Items from a dataset ->

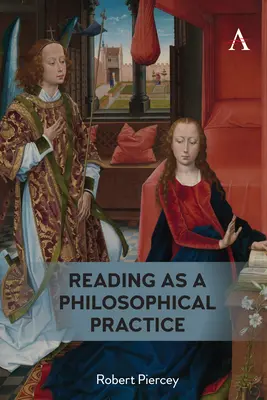 Čítanie ako filozofická prax - Reading as a Philosophical Practice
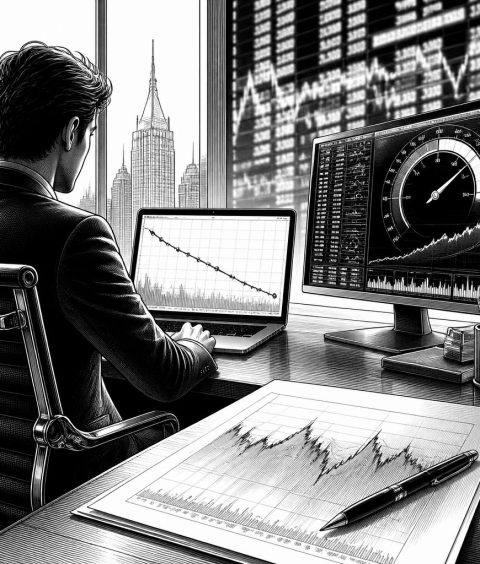ai-bond-market-risk-premium-uncertainty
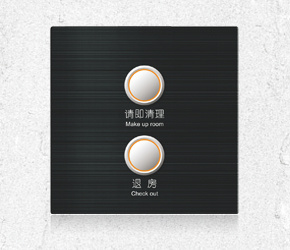 N9-A圆点轻触开关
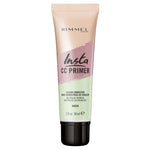 rimmel insta cc primer 010 green
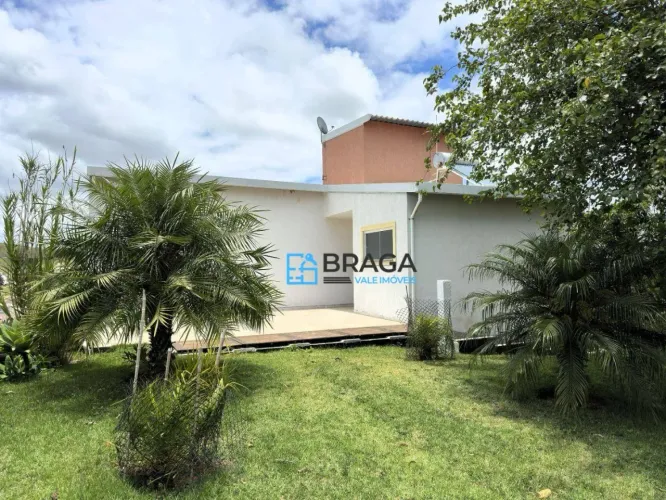 Casa à venda, 269 m² por R$ 1.200.000,00 - Recanto Santa Barbara - Jambeiro/SP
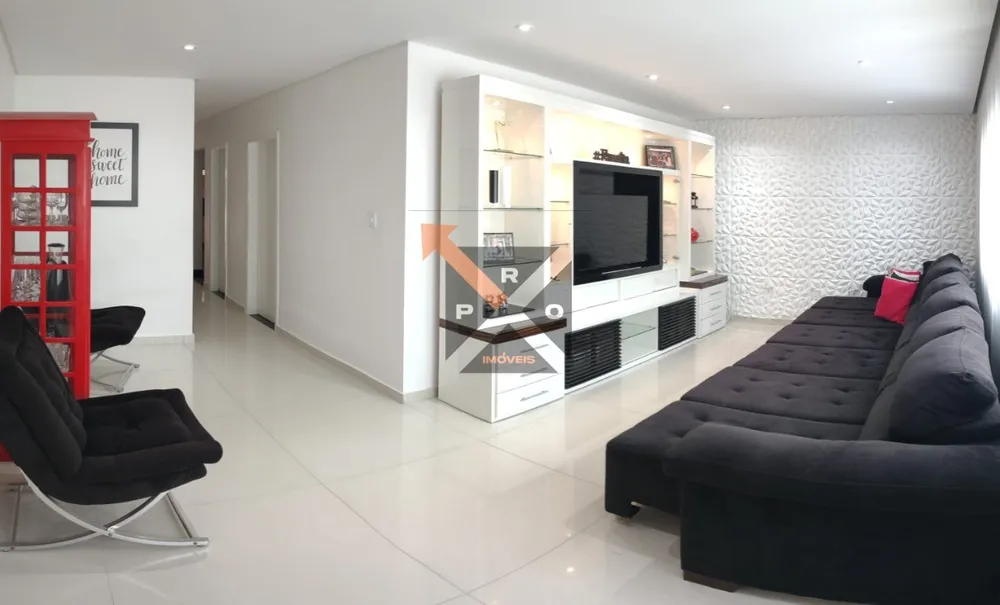 Casa, 3 quartos, 200 m² - Foto 1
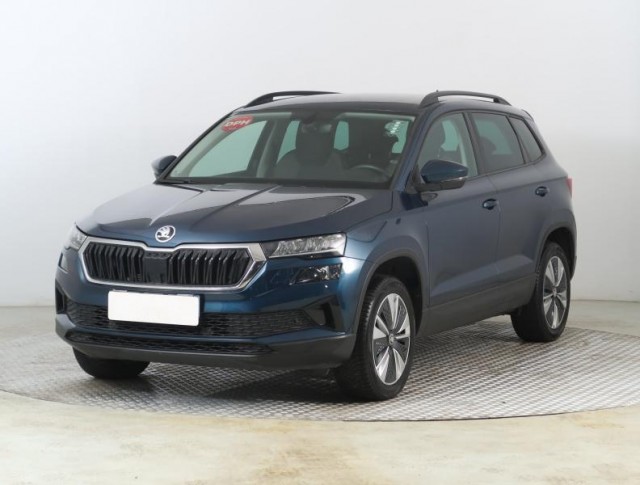 Škoda Karoq  1.0 TSI Style Plus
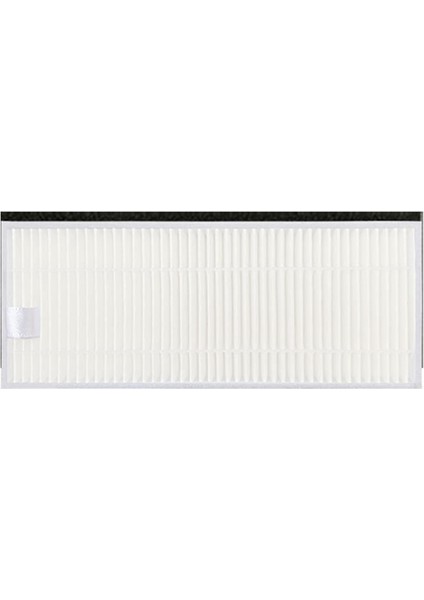 Ozmo U2 / DGN22 Ana Fırça Yan Fırça Hepa Filtreli Mop Için (Yurt Dışından) modelleri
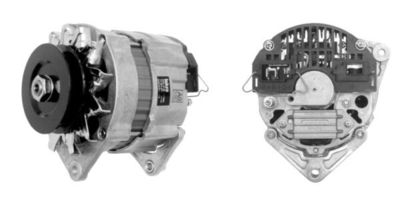 Dynamo / alternator - MG110 - MAHLE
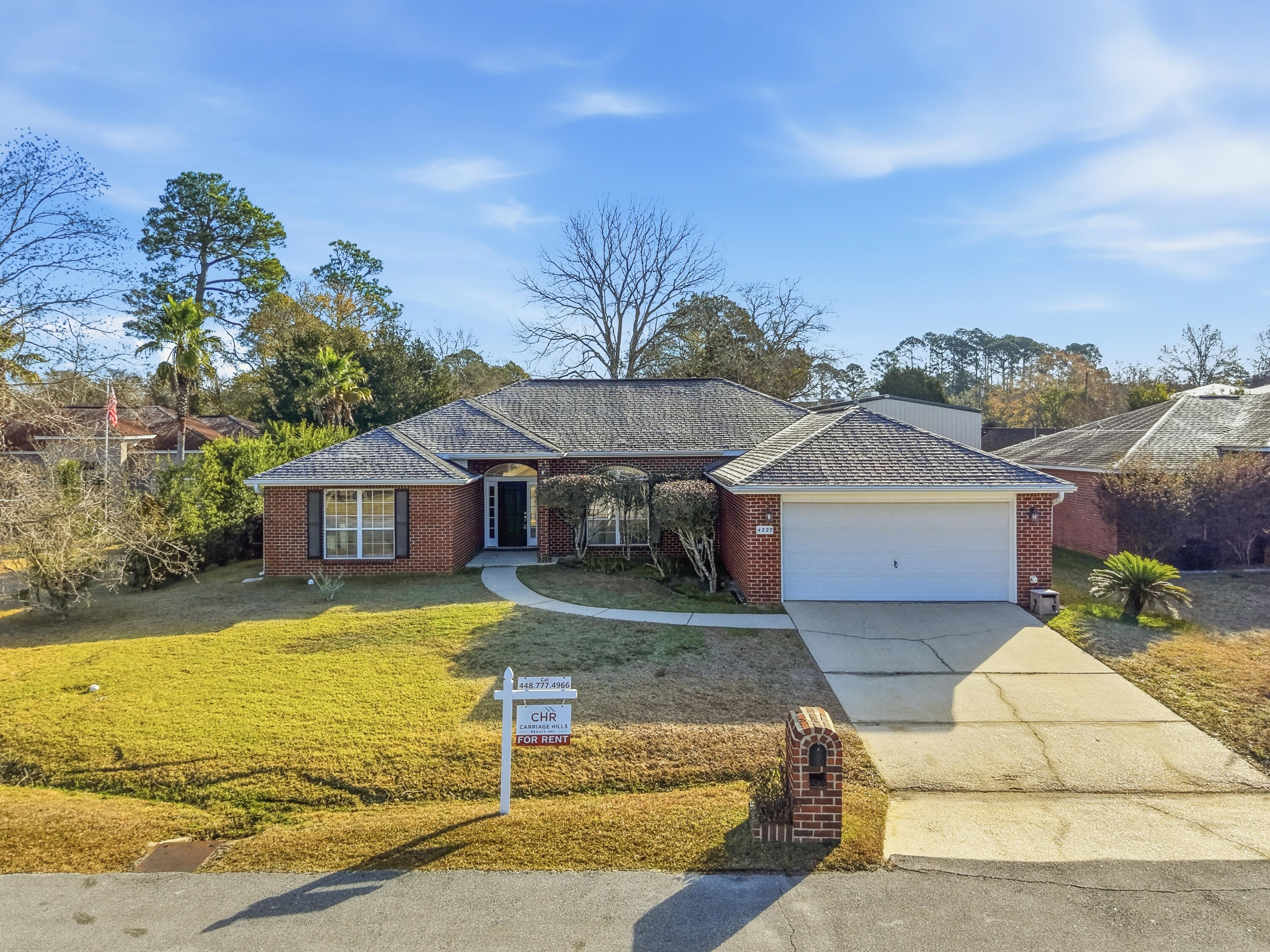 SHADOW OAK S/D - Residential Lease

TASK INSTRUCTIONS ->
What is needed is an exact copy of the lines from the beginning of the data through the line containing "TSI Style Plus", both included, without any pictures.

EXPECTED ANSWER ->
 Čítanie ako filozofická prax - Reading as a Philosophical Practice
ai-bond-market-risk-premium-uncertainty
 N9-A圆点轻触开关
 rimmel insta cc primer 010 green
 Casa à venda, 269 m² por R$ 1.200.000,00 - Recanto Santa Barbara - Jambeiro/SP
 Casa, 3 quartos, 200 m² - Foto 1
 Škoda Karoq  1.0 TSI Style Plus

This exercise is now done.